Over the past decade, there have been significant changes in financing for renewable energy support. Until 2016, renewable energy support was financed by the consumer through public service charges on electricity. In 2010, the government declared a four month moratorium on new solar PV projects to change to a new feed-in tariff framework. Later, the support was financed mainly through the internal tax on final consumption of electricity (EUR 22.5/MWh) and tax revenues from excise duties and from 2017 onwards, only through the domestic consumption tax on polluting energy products (oil and coal).

In 2021, the budget support for renewable energies accounted for more than EUR 6 billion, including EUR 5.7 billion for electricity and EUR 544 million for bio-methane injection. The total cost of renewable energy support committed over the period 2000-19 amounts to EUR 140-154 billion.

Recommendations for the Government of France

  • Increase its implementation focus and policy certainty to ensure investor confidence and accelerate affordable private investment at the pace necessary to meet the 2020 and 2030 target for renewables and sectorial as well as interim sub-targets under the two five-year energy investment plans.
  • Support the tracking of tender results against targets and increase financial and human resources commensurate to the distance to the target. 
  • Increase land access and site eligibility for wind and solar electricity by removing regulatory barriers, where possible.
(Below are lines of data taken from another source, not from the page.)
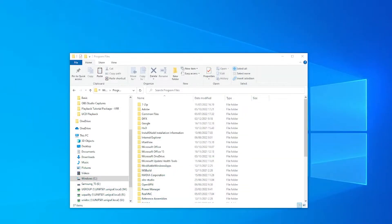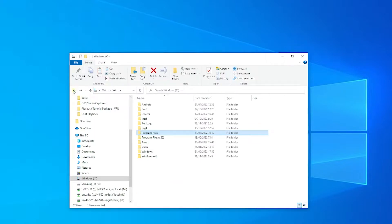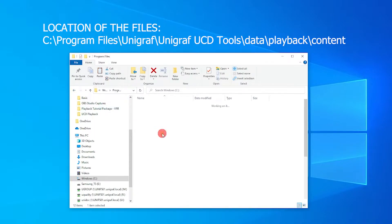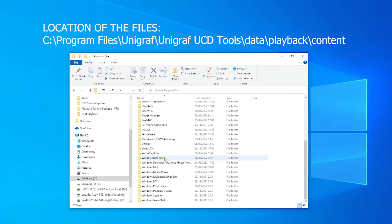Before we edit any scenario, we have to find the content folder for playback and copy the files into a destination where we have administrative rights.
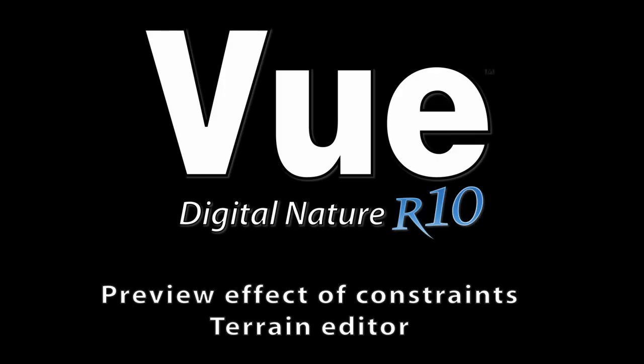Hello there and welcome to this video tutorial on the new Vue 10 Terrain Masking feature. I'm going to walk you through a simple exercise which will demonstrate the features of this helpful new capability.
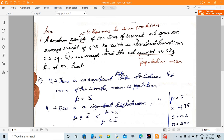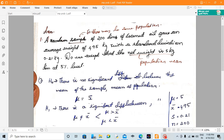A random sample of 200 tins of coconut oil gave an average weight of 4.95 kg with a standard deviation of 0.21 kg.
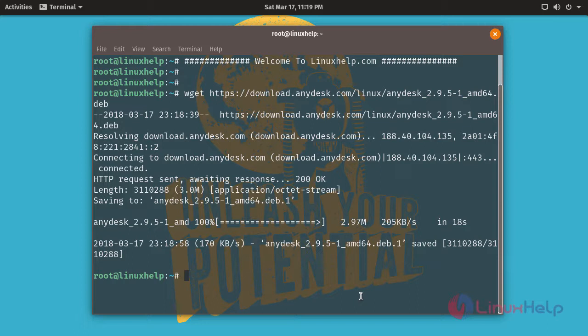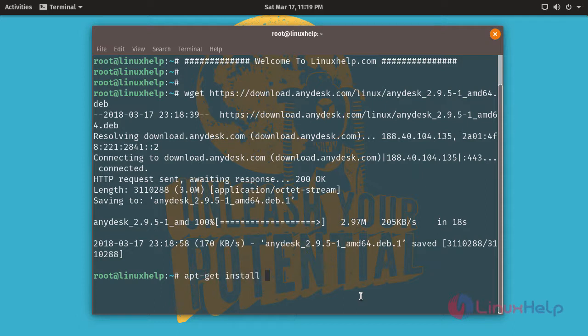After downloading a package, now we are going to install gdbi. It is a DEB package installer. Using the command apt-get install gdbi.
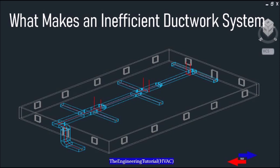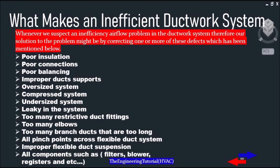Whenever we suspect an inefficiency or airflow problem in the ductwork system, our solution might be correcting one of these defects: poor insulation, poor connections, poor balancing, improper duct support, oversized system, undersized system, leaky ducts, too many restrictive duct fittings, too many elbows, and branch ducts that are too long.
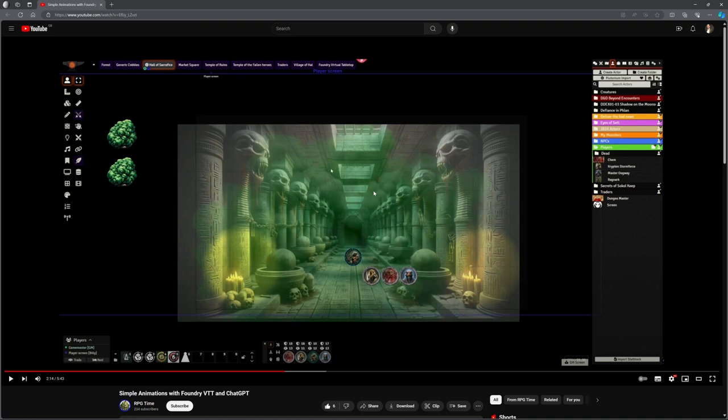Adam over at RPG Time sent me a link to a video that he's done where he's using ChatGPT, albeit ChatGPT4, to create scenes in his adventures, to generate the images, and to add some automations and things on there.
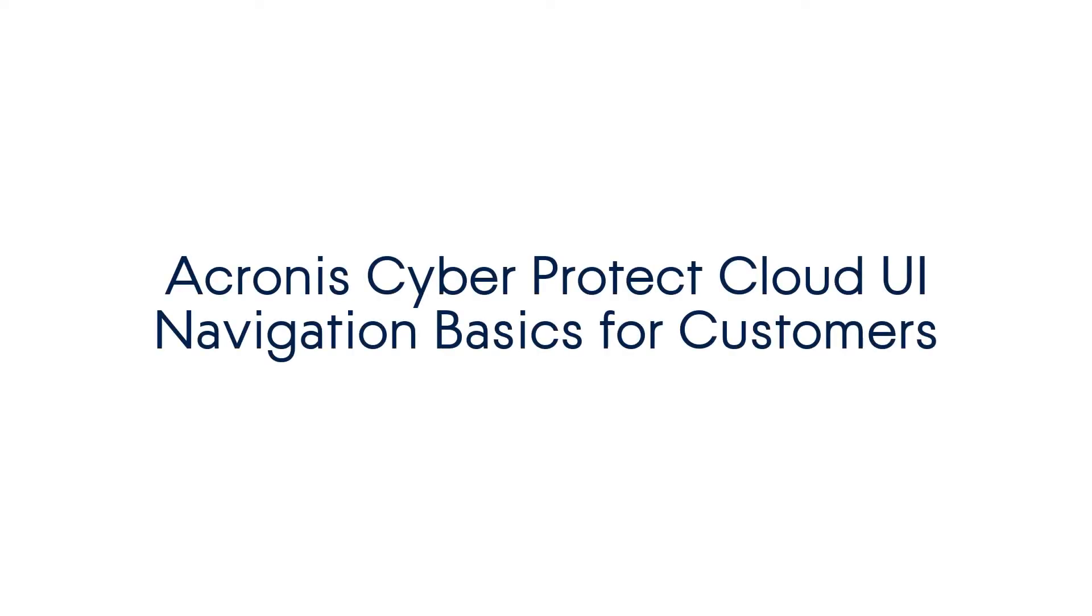In this demo, we will have a look at the user interface of the Acronis CyberProtect Cloud from the viewpoint of a customer. So let's get started.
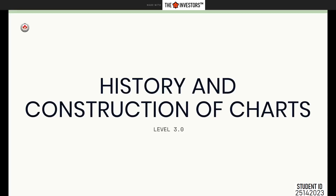Good afternoon guys and welcome back to the investors. We have definitely completed our chapter number two and we will begin with chapter number three.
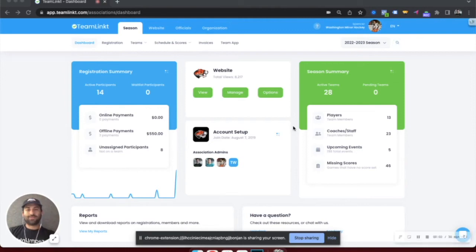Welcome to TeamLinked for leagues, associations and clubs. My name is Spencer and today I'm going to be showing you a tour of the product.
Further strengthen the spatial (maritime) planning exercise aiming to identify suitable sites for offshore wind projects in a long-term perspective (2050 horizon) and consider greater one-stop shop procedures.
  • Ensure that national level trajectories for renewables (PPE) translate into consistent regional targets (regional plans for spatial planning, sustainable development and equality) based on closer co-ordination and dialogue with regions, as provided for in the Climate and Resilience Law. 
  • Introduce minimum requirements for on-building renewables as part of new buildings and deep renovations policies to accelerate the deployment of decentralised renewables.
  • Ensure a swifter and more harmonised application of permitting rules for renewable electricity projects across decentralised state administrative services, underpinned by increased human resources, strong monitoring and an accountability framework against regional targets.
  • Seize the opportunity of economic recovery from the COVID-19 pandemic by directing funding to support various renewables, notably renewable heat, distributed photovoltaics (i.e. under renovation) and advanced biofuels, such as sustainable aviation fuels and maritime low-carbon fuels.